In this context, she called on the international community to protect these children and help them return to their families in the Motherland, Morocco.
“The voice of the international community is essential to reveal this ordeal to the world and bring its executioners before the International Criminal Court as war criminals,” she insisted, believing that only an international campaign is likely to end the crimes of the armed separatist movement in the Tindouf camps.
Another petitioner, Elizabeth Dail, New Life, deplored a decline in educational opportunities in the Tindouf camps over recent years, saying that children in the Tindouf camps should be educated in an environment not controlled by the separatist group and completely away from the unsafe conditions in which they now live.
Sahrawi people living in the Tindouf camps must learn a spirit of solidarity and compassion between them and those they have been taught to hate, she added.

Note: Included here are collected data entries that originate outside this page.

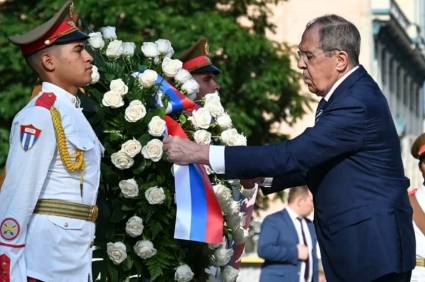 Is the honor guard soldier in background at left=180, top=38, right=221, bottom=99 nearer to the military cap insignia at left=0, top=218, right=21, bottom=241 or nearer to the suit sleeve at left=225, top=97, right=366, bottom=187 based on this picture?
the suit sleeve at left=225, top=97, right=366, bottom=187

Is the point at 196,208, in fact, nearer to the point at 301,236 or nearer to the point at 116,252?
the point at 116,252

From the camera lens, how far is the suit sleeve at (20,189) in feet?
22.9

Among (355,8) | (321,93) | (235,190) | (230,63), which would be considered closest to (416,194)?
(235,190)

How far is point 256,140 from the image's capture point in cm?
2550

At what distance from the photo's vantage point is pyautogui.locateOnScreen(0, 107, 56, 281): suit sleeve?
6.99 metres

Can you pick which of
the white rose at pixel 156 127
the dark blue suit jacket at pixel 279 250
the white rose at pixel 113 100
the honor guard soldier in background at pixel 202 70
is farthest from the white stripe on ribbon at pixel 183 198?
the dark blue suit jacket at pixel 279 250

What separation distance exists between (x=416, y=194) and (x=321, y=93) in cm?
278

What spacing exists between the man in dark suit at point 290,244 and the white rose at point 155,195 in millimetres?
5409

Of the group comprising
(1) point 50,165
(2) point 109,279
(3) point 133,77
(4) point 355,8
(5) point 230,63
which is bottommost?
(2) point 109,279

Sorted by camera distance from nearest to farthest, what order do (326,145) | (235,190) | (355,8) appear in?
(326,145)
(235,190)
(355,8)

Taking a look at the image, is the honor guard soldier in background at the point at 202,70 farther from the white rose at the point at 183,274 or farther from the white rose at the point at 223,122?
the white rose at the point at 183,274

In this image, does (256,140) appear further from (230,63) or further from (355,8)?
(355,8)

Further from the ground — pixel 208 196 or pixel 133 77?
pixel 133 77

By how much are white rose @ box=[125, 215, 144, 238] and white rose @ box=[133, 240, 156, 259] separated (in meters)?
0.06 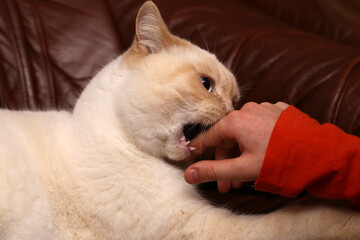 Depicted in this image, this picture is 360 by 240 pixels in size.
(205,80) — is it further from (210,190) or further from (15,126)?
(15,126)

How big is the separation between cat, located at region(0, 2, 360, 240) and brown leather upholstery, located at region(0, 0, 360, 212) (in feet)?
1.24

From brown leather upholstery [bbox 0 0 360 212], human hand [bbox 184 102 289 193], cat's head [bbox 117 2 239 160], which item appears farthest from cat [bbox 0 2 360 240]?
brown leather upholstery [bbox 0 0 360 212]

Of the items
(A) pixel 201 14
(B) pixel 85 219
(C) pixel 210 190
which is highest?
(A) pixel 201 14

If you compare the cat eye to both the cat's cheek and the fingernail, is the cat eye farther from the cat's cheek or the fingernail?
the fingernail

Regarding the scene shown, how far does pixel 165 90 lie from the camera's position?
→ 3.77ft

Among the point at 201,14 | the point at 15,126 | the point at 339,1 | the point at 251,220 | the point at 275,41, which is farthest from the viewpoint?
the point at 339,1

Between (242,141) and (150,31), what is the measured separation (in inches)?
24.2

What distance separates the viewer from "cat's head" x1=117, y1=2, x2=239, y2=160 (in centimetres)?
114

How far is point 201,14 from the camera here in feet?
6.73

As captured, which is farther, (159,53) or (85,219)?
(159,53)

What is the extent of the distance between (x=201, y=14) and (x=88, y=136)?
1.22 metres

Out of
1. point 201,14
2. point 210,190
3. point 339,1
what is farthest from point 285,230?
Answer: point 339,1

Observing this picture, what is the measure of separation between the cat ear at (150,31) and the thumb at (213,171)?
0.55 meters

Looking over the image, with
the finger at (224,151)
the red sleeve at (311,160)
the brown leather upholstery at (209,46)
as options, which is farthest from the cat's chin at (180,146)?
the brown leather upholstery at (209,46) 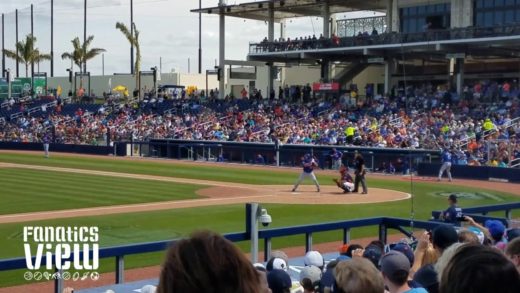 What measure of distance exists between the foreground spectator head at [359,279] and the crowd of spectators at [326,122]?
28400mm

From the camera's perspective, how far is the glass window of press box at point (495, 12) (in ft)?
151

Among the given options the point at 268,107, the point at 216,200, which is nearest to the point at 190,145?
the point at 268,107

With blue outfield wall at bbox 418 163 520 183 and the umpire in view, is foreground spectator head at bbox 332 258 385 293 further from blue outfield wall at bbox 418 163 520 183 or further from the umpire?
blue outfield wall at bbox 418 163 520 183

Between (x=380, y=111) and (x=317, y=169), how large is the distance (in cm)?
834

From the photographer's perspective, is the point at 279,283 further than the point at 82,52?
No

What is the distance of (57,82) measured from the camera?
103062mm

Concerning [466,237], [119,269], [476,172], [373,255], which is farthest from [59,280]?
[476,172]

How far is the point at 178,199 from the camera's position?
937 inches

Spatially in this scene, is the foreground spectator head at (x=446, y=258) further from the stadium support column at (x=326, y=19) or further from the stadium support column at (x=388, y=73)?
the stadium support column at (x=326, y=19)

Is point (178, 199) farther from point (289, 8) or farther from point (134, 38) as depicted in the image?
point (134, 38)

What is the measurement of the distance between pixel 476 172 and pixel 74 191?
688 inches

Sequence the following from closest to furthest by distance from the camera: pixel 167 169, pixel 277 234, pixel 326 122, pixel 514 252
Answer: pixel 514 252
pixel 277 234
pixel 167 169
pixel 326 122

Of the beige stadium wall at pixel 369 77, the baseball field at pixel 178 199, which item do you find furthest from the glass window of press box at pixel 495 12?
the baseball field at pixel 178 199

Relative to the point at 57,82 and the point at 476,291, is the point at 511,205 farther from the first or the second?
the point at 57,82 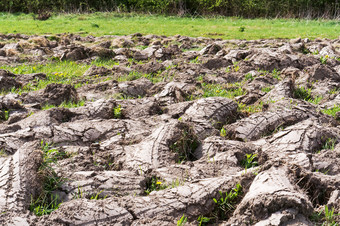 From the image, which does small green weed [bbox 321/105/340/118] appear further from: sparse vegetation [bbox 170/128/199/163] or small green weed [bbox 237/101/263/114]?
sparse vegetation [bbox 170/128/199/163]

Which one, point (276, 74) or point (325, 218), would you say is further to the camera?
point (276, 74)

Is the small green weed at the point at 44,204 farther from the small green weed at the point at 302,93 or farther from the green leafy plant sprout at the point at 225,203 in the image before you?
the small green weed at the point at 302,93

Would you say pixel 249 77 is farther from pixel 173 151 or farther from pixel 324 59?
pixel 173 151

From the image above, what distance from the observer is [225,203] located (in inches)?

It is time to implement the Moroccan autonomy plan as it is the best solution for the future of the children in the camp, stressed Mrs. Elizabeth, affirming that this plan would unite the children with friends, aunts, uncles and cousins in the Sahara provinces.
Mrs. Nancy Huff, Teach the Children International, voiced concern about humanitarian aid theft by the polisario militias, citing in this regard the report by the European Anti-Fraud Office.
The report exposes the involvement of the Polisario leaders in the embezzlement of humanitarian aid destined for Tindouf inhabitants but found on sale at the black market.
The United Nations has not condemned the theft or blacklisted any members of the Polisario, whose leaders live a luxurious life and own villas in several European and Latin American countries, underlined Mrs. Nancy.